O ministro ainda é suspeito de repassar informações sobre processo de interesse da UTC Engenharia, empresa que teria pago propina ao seu filho, o advogado Tiago.
O processo envolvia supostas irregularidades na licitação de uma das unidades da usina Angra 3. Cedraz afirma que se declarou impedido de julgar o caso.
Tiago também nega que tenha recebido informações privilegiadas do pai.
OUTRO LADO
Os gestores que presidiram a ONG IDR-Sisal desde a sua fundação negam irregularidades no cumprimento de convênios e afirmam que o ministro Aroldo Cedraz não beneficiou a entidade.
Primeiro presidente da ONG e cunhado de Cedraz, Sílvio Roberto Habib afirma que os convênios firmados no período em que comandou a entidade tiveram suas contas aprovadas.
Ele informa que deixou a presidência da ONG após lei que impede que convênios federais sejam firmados com entidades dirigidas por parentes de servidores federais, incluindo do TCU.
"Depois disso, atuei no instituto somente como consultor, e sem remuneração", afirma Habib, que também nega participação no convênio para treinamento de trabalhadores petroleiros no Ceará.
Ele também nega qualquer atuação direta do cunhado Aroldo Cedraz na entidade.
"Ele ajudou apenas na emenda que permitiu construirmos a sede. Depois que se tornou ministro, só esteve lá uma vez", afirmou.
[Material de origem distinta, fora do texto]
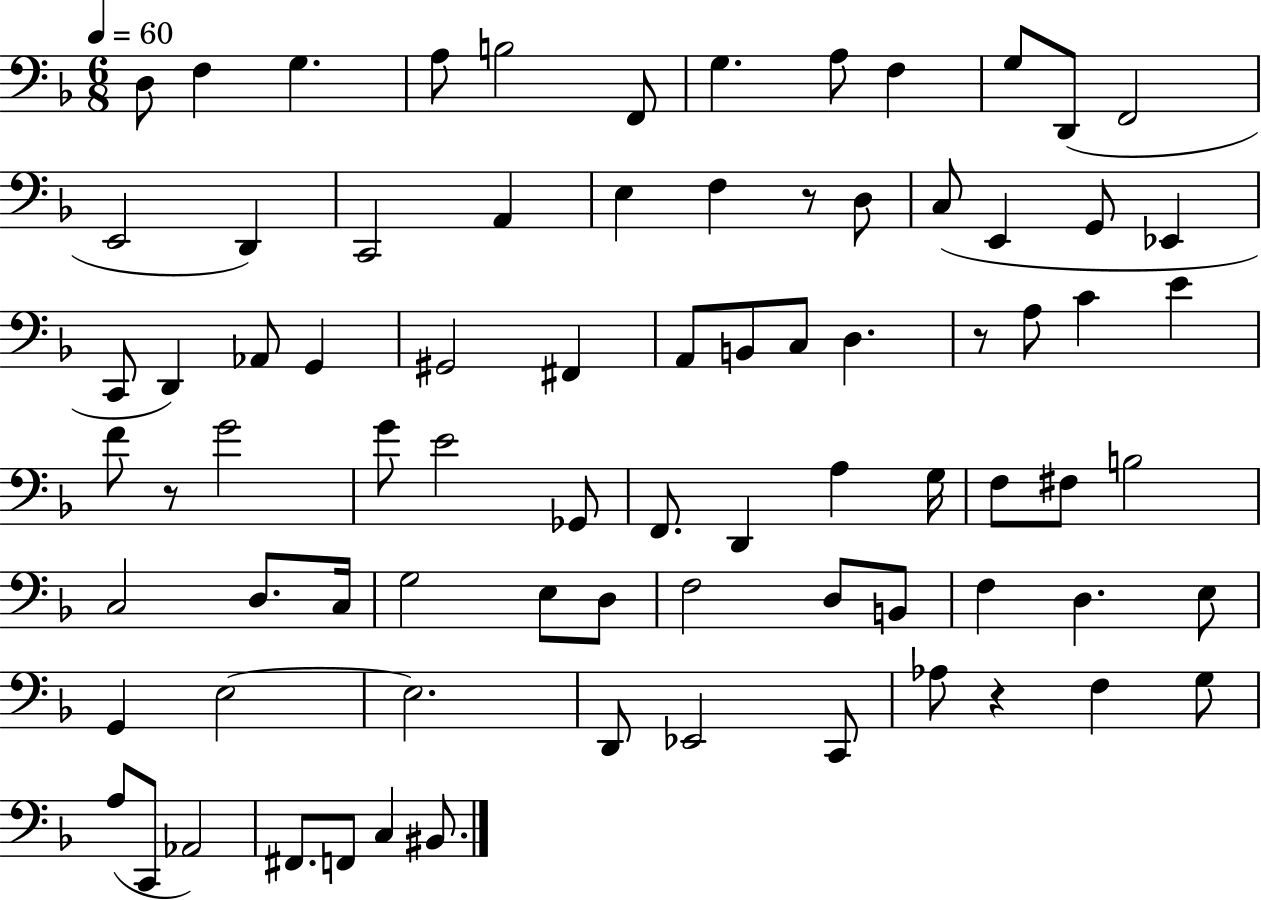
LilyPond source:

{
  \clef bass
  \numericTimeSignature
  \time 6/8
  \key f \major
  \tempo 4 = 60
  d8 f4 g4. | a8 b2 f,8 | g4. a8 f4 | g8 d,8( f,2 | \break e,2 d,4) | c,2 a,4 | e4 f4 r8 d8 | c8( e,4 g,8 ees,4 | \break c,8 d,4) aes,8 g,4 | gis,2 fis,4 | a,8 b,8 c8 d4. | r8 a8 c'4 e'4 | \break f'8 r8 g'2 | g'8 e'2 ges,8 | f,8. d,4 a4 g16 | f8 fis8 b2 | \break c2 d8. c16 | g2 e8 d8 | f2 d8 b,8 | f4 d4. e8 | \break g,4 e2~~ | e2. | d,8 ees,2 c,8 | aes8 r4 f4 g8 | \break a8( c,8 aes,2) | fis,8. f,8 c4 bis,8. | \bar "|."
}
Presidente da ONG entre 2008 e 2012, Dagoberto Rios afirma que o convênio com o Ministério do Trabalho teve a primeira etapa integralmente cumprida.
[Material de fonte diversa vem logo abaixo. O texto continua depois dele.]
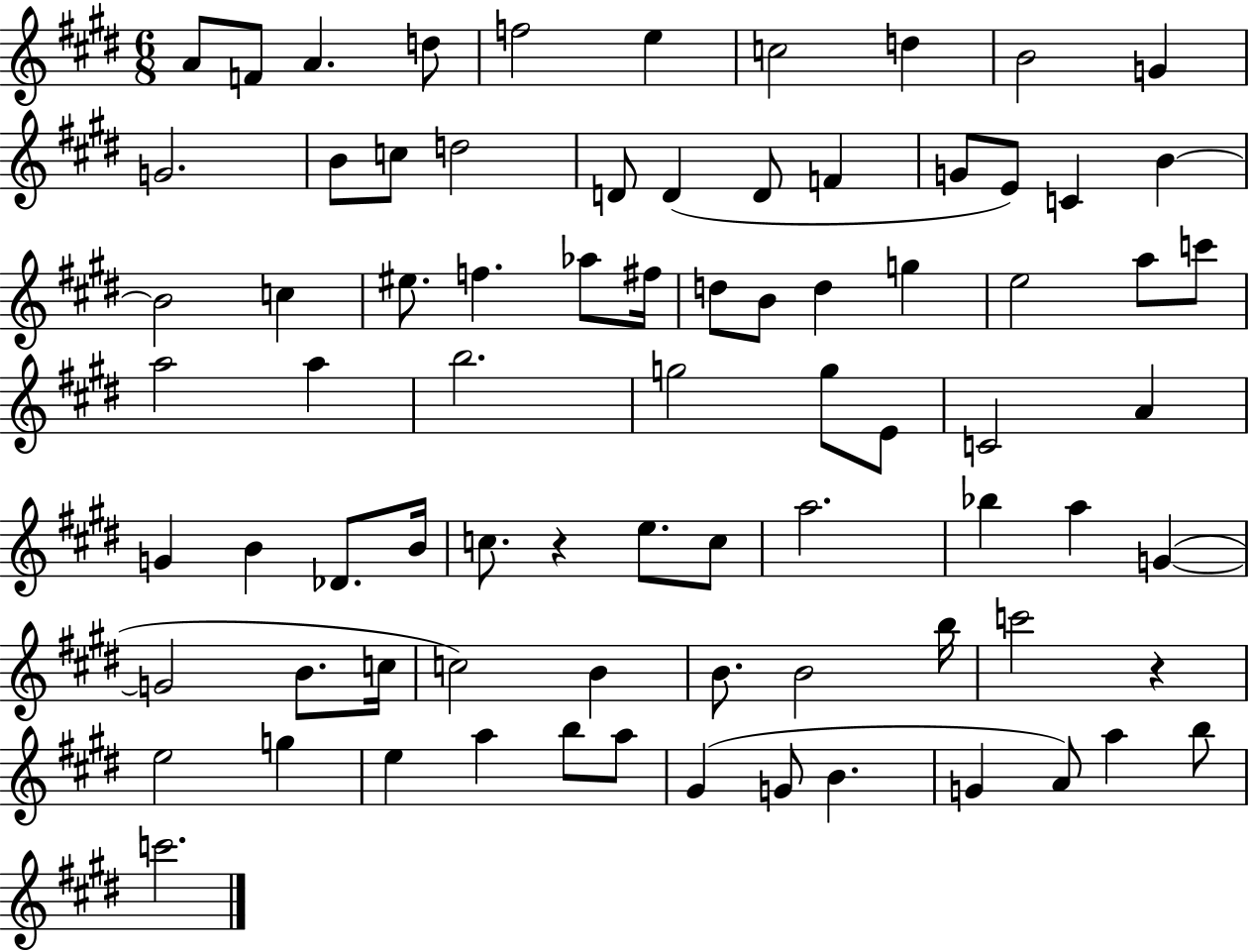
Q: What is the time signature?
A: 6/8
Para isso, a entidade abriu filial em Fortaleza (CE) e contratou instrutores.
Ele justifica a interrupção do contrato alegando discordâncias da entidade com os termos do convênio e nega que haja irregularidades.
O atual presidente, Eduardo Oliveira, afirma que a entidade não possui mais convênios com o governo federal. O gerente de projetos José Daniel Rios afirma que "a gestão atual não tem compromissos políticos".
O Ministério do Trabalho afirma que firmou o convênio com a ONG após seleção pública.
A pasta informa ainda que serão tomadas medidas administrativas pela rejeição das contas da ONG, como a inscrição no Cadastro de Inadimplentes.